UPDATE: the strike has ended with a new contract. Read about it here.
More than 30,000 educators and support staff, Chicago Teachers Union and SEIU members, are walking out of public schools in Chicago starting today:
The strike comes on the heels of other teacher strikes in Oakland, Los Angeles, Colorado and Virginia earlier this year, and is CTU's first since its eight-day strike in 2012, when teachers sought higher wages, fair teacher assessment and job security, among other issues. Community support is once again strong in the city today as the union seeks higher pay and benefits, fully staffed schools and smaller class sizes.
Continuing a trend over the past several years, greater cooperation and coordination between educators and social movements has resulted in a sea change in both understanding and action. Schools don’t exist as islands, but impact and are impacted by the economic and political climates that surround them. Students don’t come into classrooms as blank slates, but carry with them all the advantages and disadvantages they live with beyond the schoolhouse.
The Schott Foundation has since its founding built bridges across multiple constituencies, organizations and advocates in the greater education justice movement — many of whom didn’t necessarily see eye-to-eye. That’s why, for example, we are a founding partner of the pathbreaking Alliance to Reclaim Our Schools, which works as a common table around which labor, parent, youth and community groups can find and pursue unifying goals.
Last year, Schott teamed up with Building Movement Project to examine what makes successful community-labor partnerships work. The product is the toolkit Keeping Students First: Building Community Labor Partnerships for Strong Schools, which contains case studies, resources, and sample activities for cross-sector groups to undertake together to strengthen and grow their joint efforts. As the report states:
Community labor partnerships build the voice and power of all parties, and make it harder for officials to ignore the arguments coming from a strong united front fighting for excellent public education that all children deserve...
The alliances that were successful over time were not restricted to traditional school issues: they took an expansive view of what affects the community and thus, its students, engaging on policy issues including immigration, home foreclosures, police violence, local wages, and child care and early childhood resources outside of the school day.

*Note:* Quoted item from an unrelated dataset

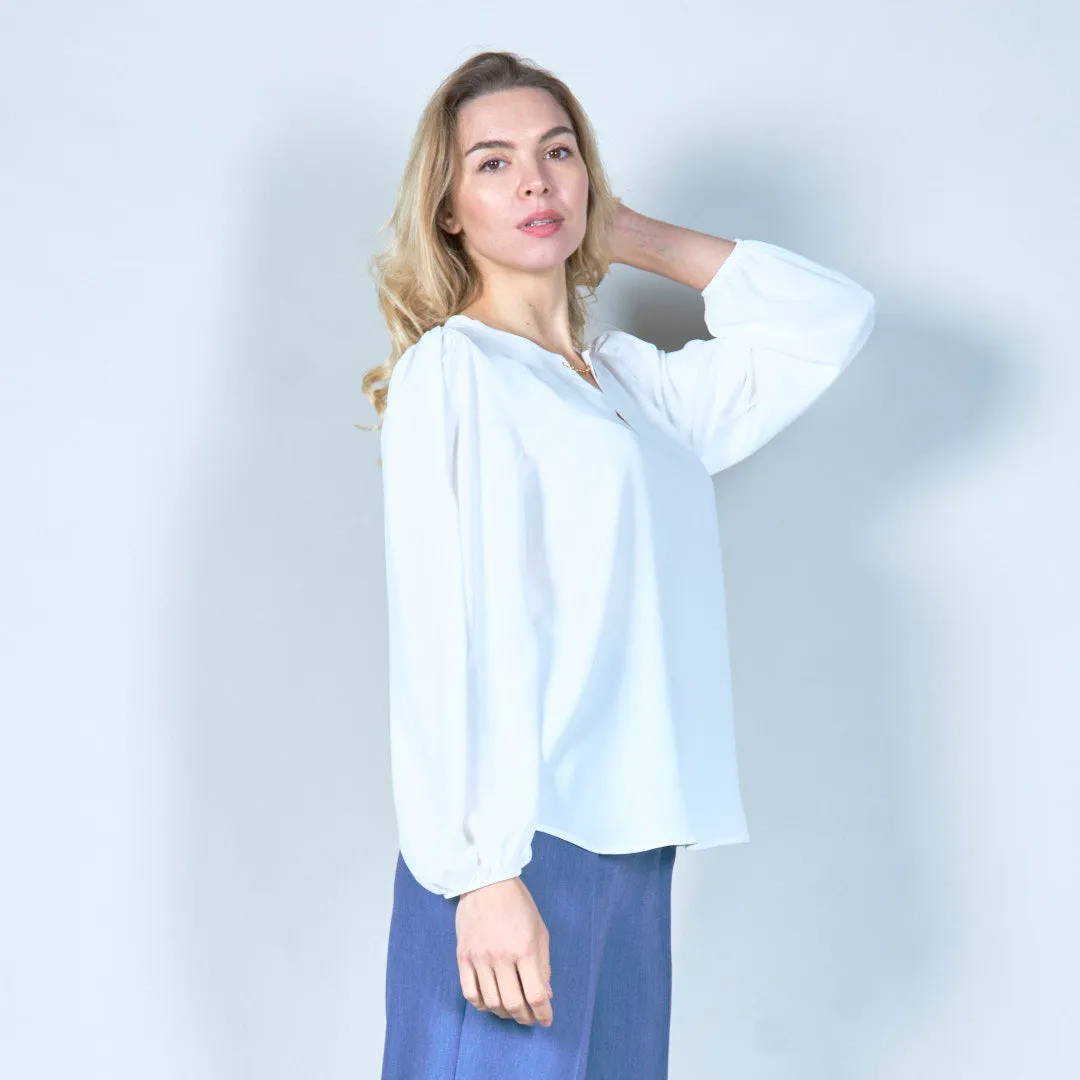 Minimalist keyhole chiffon blouse wholesale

83% of students attend a high-poverty school
44% of Black students are suspended at least once
14% graduation rate gap between Black and white students
To systematize this greater, holistic understanding of public schools and movements working to improve them, we released the Loving Cities Index. The Index measures access to 24 community and school-based supports, from clean air to unemployment, from healthy food to public transit.
A key measure in the Loving Cities Index is access to housing: if families don’t have a stable and predictable roof over their heads, children can’t properly learn in class. Chicago alone has nearly 17,000 homeless students. To that end, CTU has raised an innovative demand during their current contract negotiations with Chicago Public Schools (CPS):
CTU wants language added to the contract that would direct CPS to provide housing assistance to new teachers, and hire staffers to help students and their families who are in danger of becoming homeless. The union also wants to ensure housing for the city’s homeless student population by 2020 through Section 8 voucher programs and use tax increment financing funds for affordable housing units.
Demands like this are part and parcel of a longstanding grassroots effort to create sustainable community schools: public schools that are the beating heart of neighborhoods, schools that provide not just a high-quality education for every student but also the wrap-around supports needed to help address the myriad out-of-school factors that impact a child’s achievement.